*PROBLEM:* Only the lines from the one with "Eine Gruppe junger" through the last line of the material below belong in the answer, copied exactly and without pictures.

══ AVAILABLE DATA ══

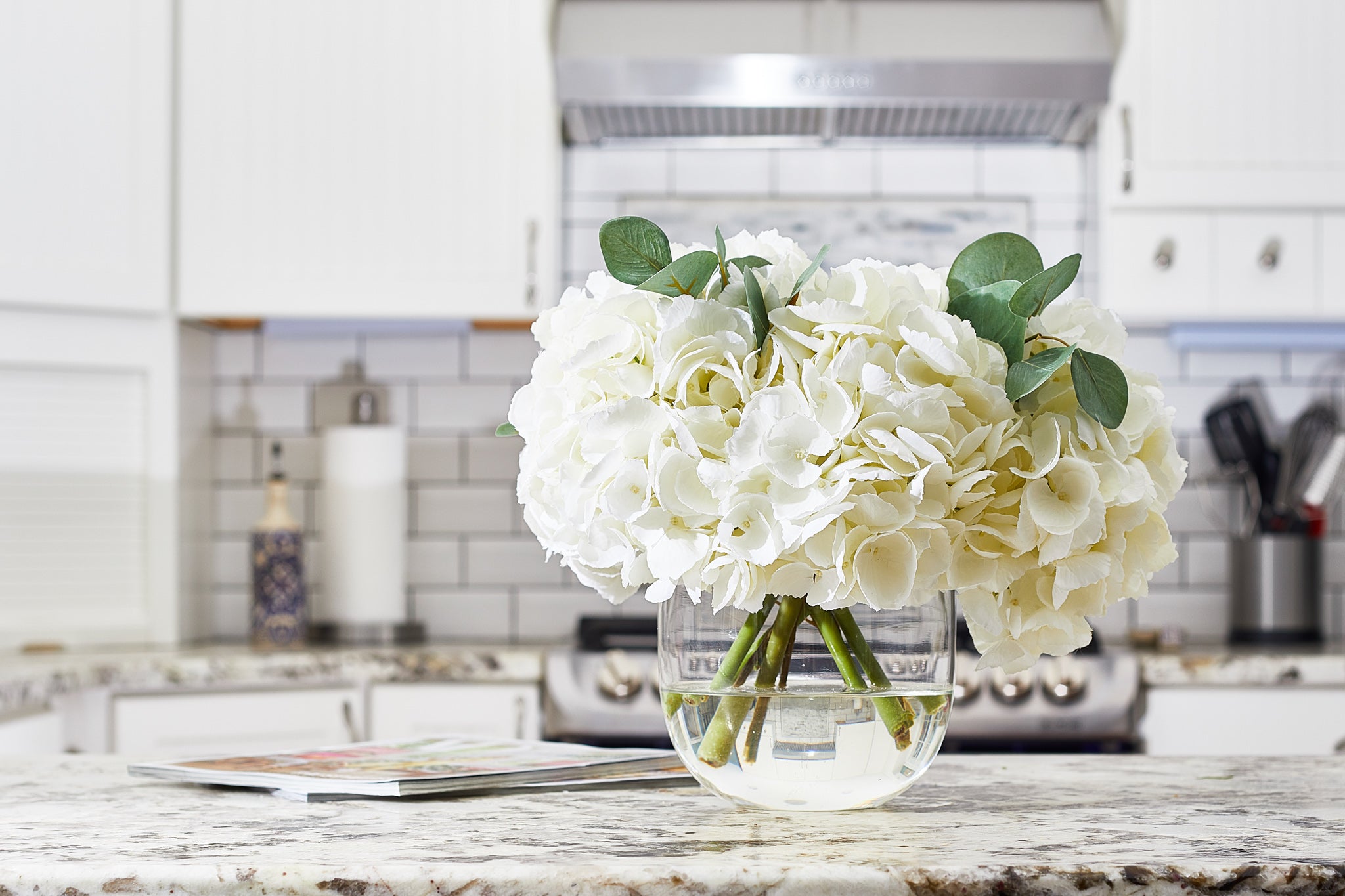 Large White Hydrangea And Eucalyptus Arrangement In Rounded Glass Vase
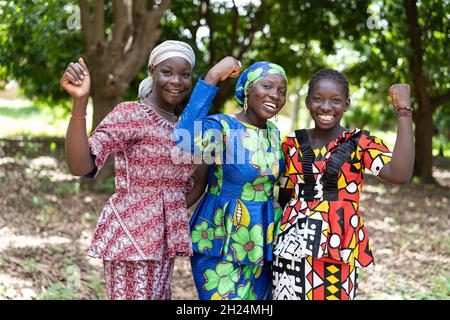 Eine Gruppe junger schwarzafrikanischer Dorfbewohner in farbenfrohen traditionellen Kleidern lächelt mit geballten Fäusten als Symbol für die Streng der Frauen an der Kamera an Stockfoto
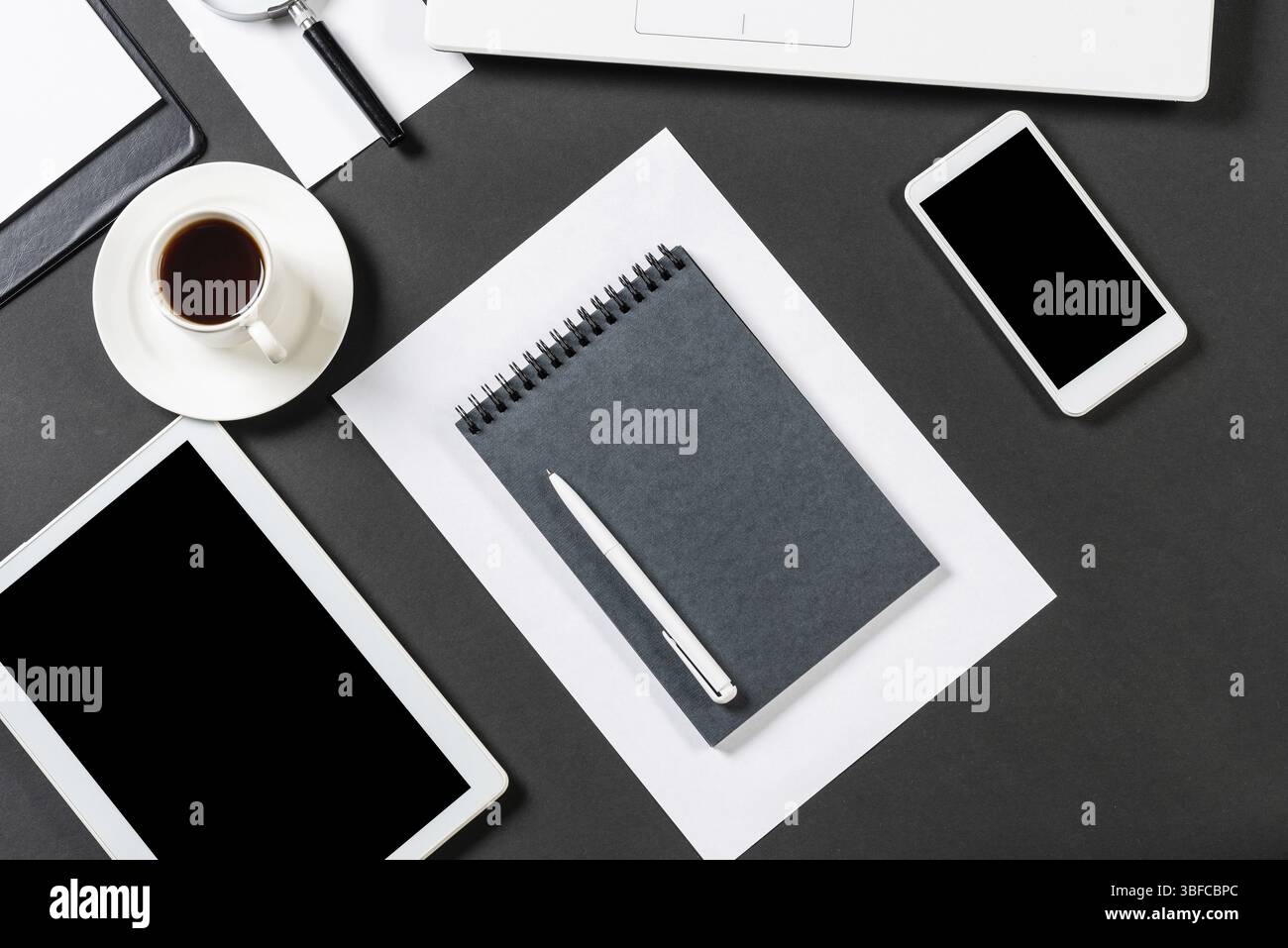 Vue de dessus du lieu de travail design avec des appareils numériques modernes. Design contemporain à plat avec surface noire. Technologie numérique et mode de vie mobile. Banque D'Images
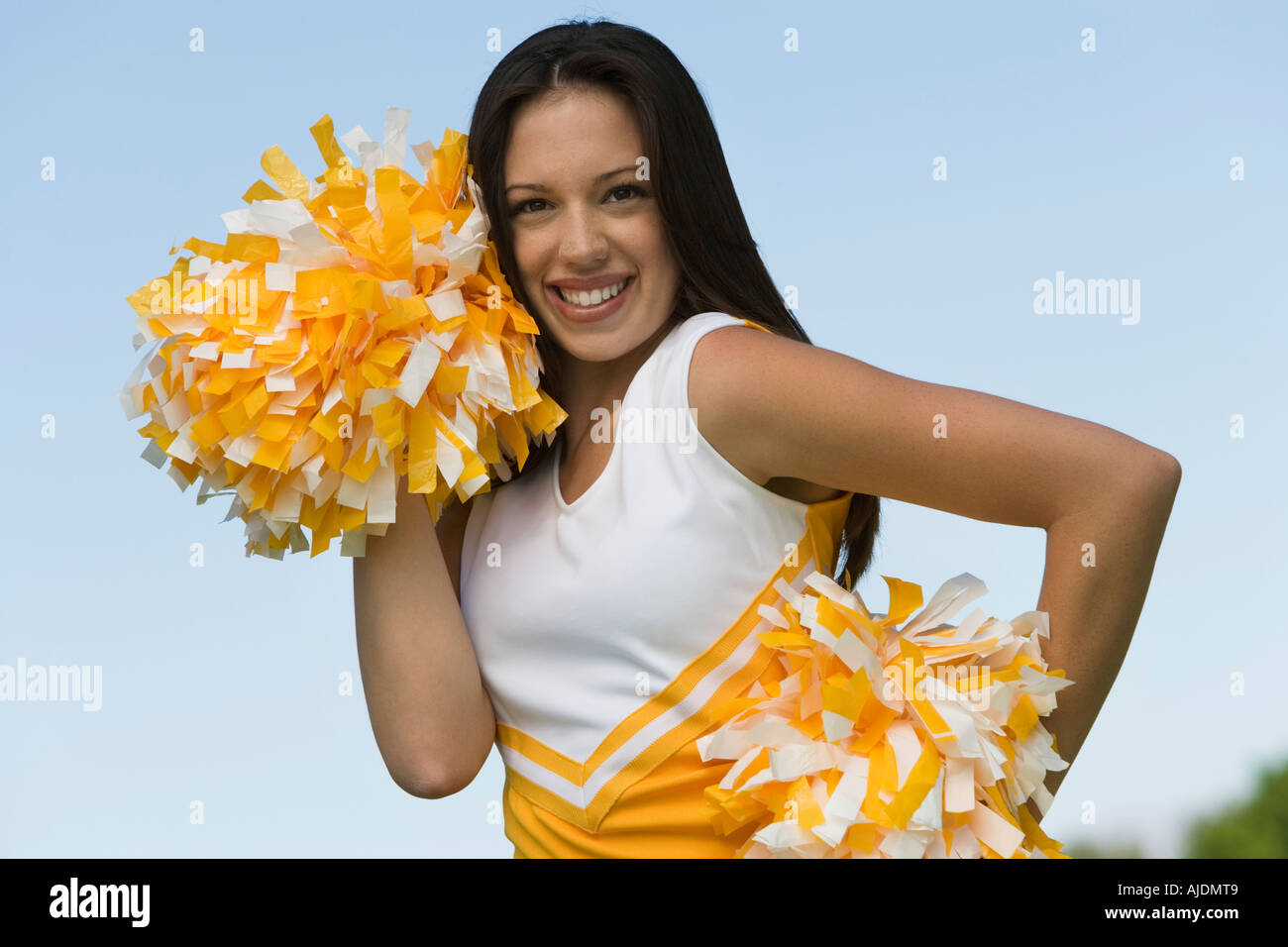 Cheerleader In Blue And Yellow Uniform With Pom Poms Stock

═══

*WRITTEN REPLY:*
 Eine Gruppe junger schwarzafrikanischer Dorfbewohner in farbenfrohen traditionellen Kleidern lächelt mit geballten Fäusten als Symbol für die Streng der Frauen an der Kamera an Stockfoto
 Vue de dessus du lieu de travail design avec des appareils numériques modernes. Design contemporain à plat avec surface noire. Technologie numérique et mode de vie mobile. Banque D'Images
 Cheerleader In Blue And Yellow Uniform With Pom Poms Stock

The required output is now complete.